By David Owen
“Annual income twenty pounds, annual expenditure nineteen pounds nineteen and six, result happiness. Annual income twenty pounds, annual expenditure twenty pounds ought and six, result misery.”
It is one of the best-known dictums in Dickens, but not one, or so one must presume, with which an awful lot of European football club chairmen are terribly familiar.
This week’s UEFA report – The European Club Footballing Landscape – released, with exquisite timing two days before stricken Portsmouth became the first English Premiership club to enter administration, contains a wealth of information, much of it calculated to set Wilkins Micawber’s alarm bells ringing.
The numbers are a little bigger than the David Copperfield character is used to, but if I tell you that annual income of the 732 European top-division clubs in 2008 was found to be €11.5 billion and their annual expenditure €12.1 billion, no doubt you can complete the sentence.
It is a sentence, moreover, that will be worth bearing in mind next week, when Deloitte publishes a new edition of its Football Money League, which ranks the 20 biggest clubs in the world by revenue.
The level of footballers’ wages is often blamed for the frequency with which clubs spend more than they earn.

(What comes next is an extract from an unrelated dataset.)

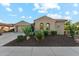 Beautiful home showcasing well-maintained desert landscaping and charming architectural details at 27308 N 56Th Dr, Phoenix, AZ 85083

That is why clubs’ wage:turnover ratio is such a closely watched gauge within the industry.
With aggregate employee costs of top-flight clubs put at €7.1 billion in 2008, this ratio Europe-wide stood at a barely acceptable 62 percent.
But what truly beggars belief is that UEFA found 57 clubs – not far off 8 percent – contriving to spend more than 100 percent of their revenue on wages.
Indeed, there are four European countries – Serbia, Ukraine, Georgia and Israel – where the proportion of reported revenues of the entire top division paid out as employee costs exceeds 100 per cent.
No wonder UEFA President Michel Platini comments that, “The many clubs across Europe that continue to operate on a sustainable basis…are finding it increasingly hard to coexist and compete with clubs that incur costs and transfer fees beyond their means and report losses year-after-year.”
Incidentally, one of these countries – Ukraine – is home to the 2009 UEFA Cup winners, Shakhtar Donetsk.
There is, however, no club-by-club breakdown enabling readers to ascertain what Shakhtar or any other club’s wage:turnover ratio is.
Moreover, a footnote to the relevant chart observes that the Ukraine figures include net transfer activity, “which is part of reason for high ratio”.
Of course, clubs can and do use injections of capital to tide them over during the odd loss-making season.
Such contributions might come from a generous owner or other benefactor, or they might be bank loans – which brings us to the other sexy topic when club finances are put under the microscope: debt.
The report puts the amount of bank debt and commercial loans owed by top-flight clubs at €5.5 billion, but says net debt is “highly concentrated”, with English clubs containing on their balance-sheets an estimated 56 percent of Europe-wide net commercial debt.
English clubs also account, however, for an estimated 48 percent of the total value of European balance sheet fixed assets, which are put at €5.2 billion.
“One thing is clear,” the report says, “the level of bank and commercial debt is strongly connected to the size of the asset base, with long-term debt typically linked to stadium ownership.”
This is reassuring to an extent, at least as far as the broader economy is concerned: if indebted football clubs fail to service their debts, their creditors would at least have something tangible at their disposal.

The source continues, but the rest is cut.